**PROBLEM DETAILS:**
The full listing, excluding its pictures, should be printed exactly as it stands.

**DATASET EXCERPT:**
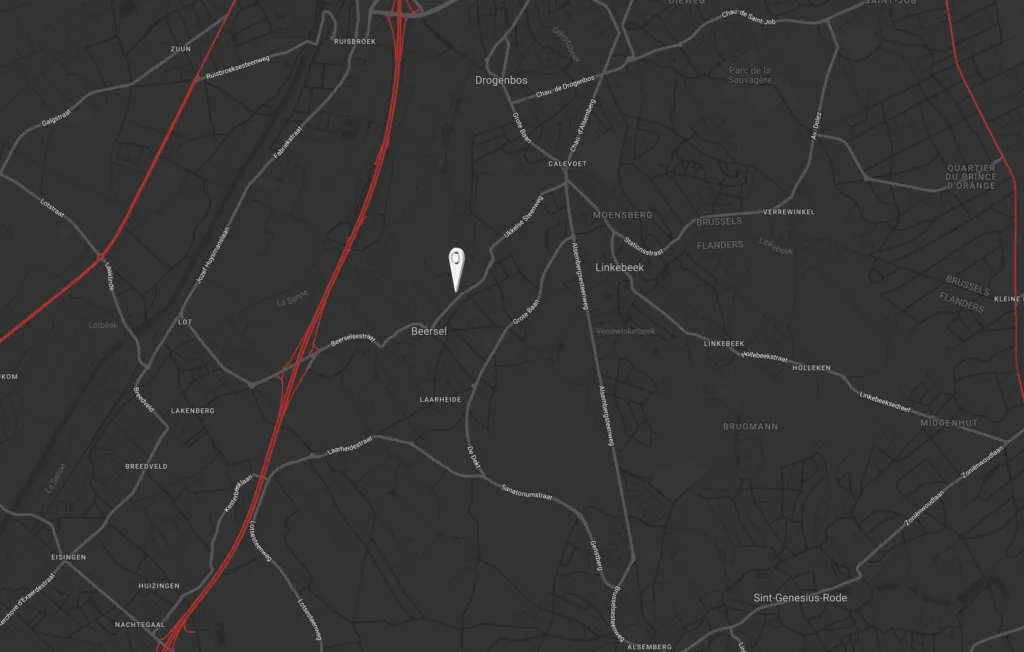 Kaart met de ligging van Toma Maté aan de Steenweg op Ukkel in Beersel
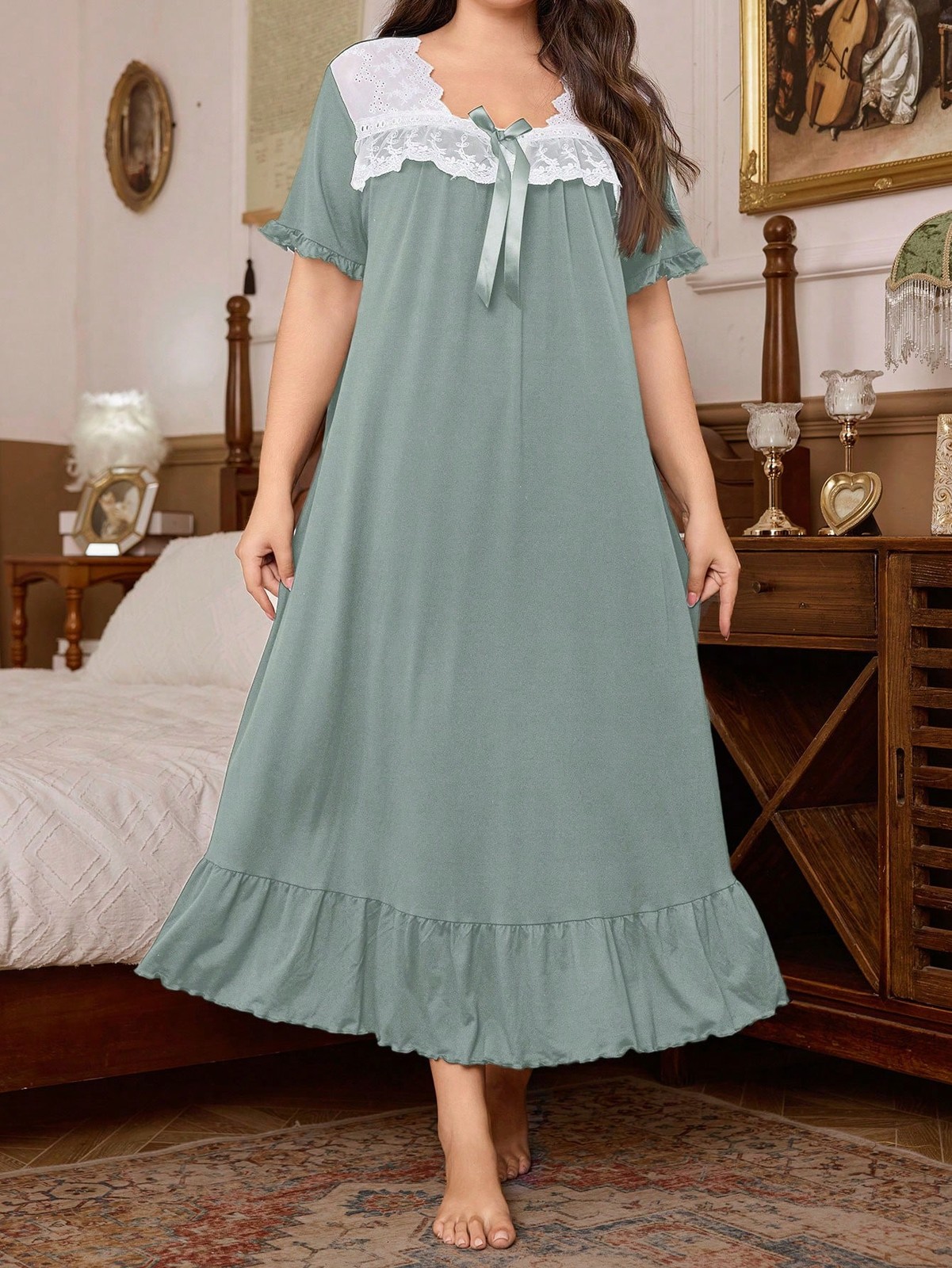 Elegant French Palace Style Maxi Skirt And Nightdress For Large Cheap24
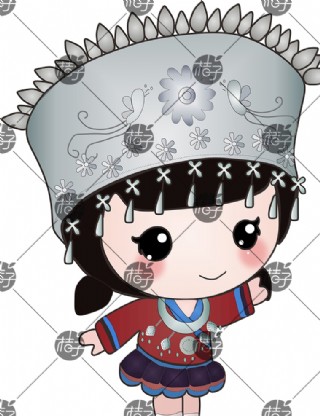 卡通苗族小姑娘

**WRITTEN RESPONSE:**
 Kaart met de ligging van Toma Maté aan de Steenweg op Ukkel in Beersel
 Elegant French Palace Style Maxi Skirt And Nightdress For Large Cheap24
 卡通苗族小姑娘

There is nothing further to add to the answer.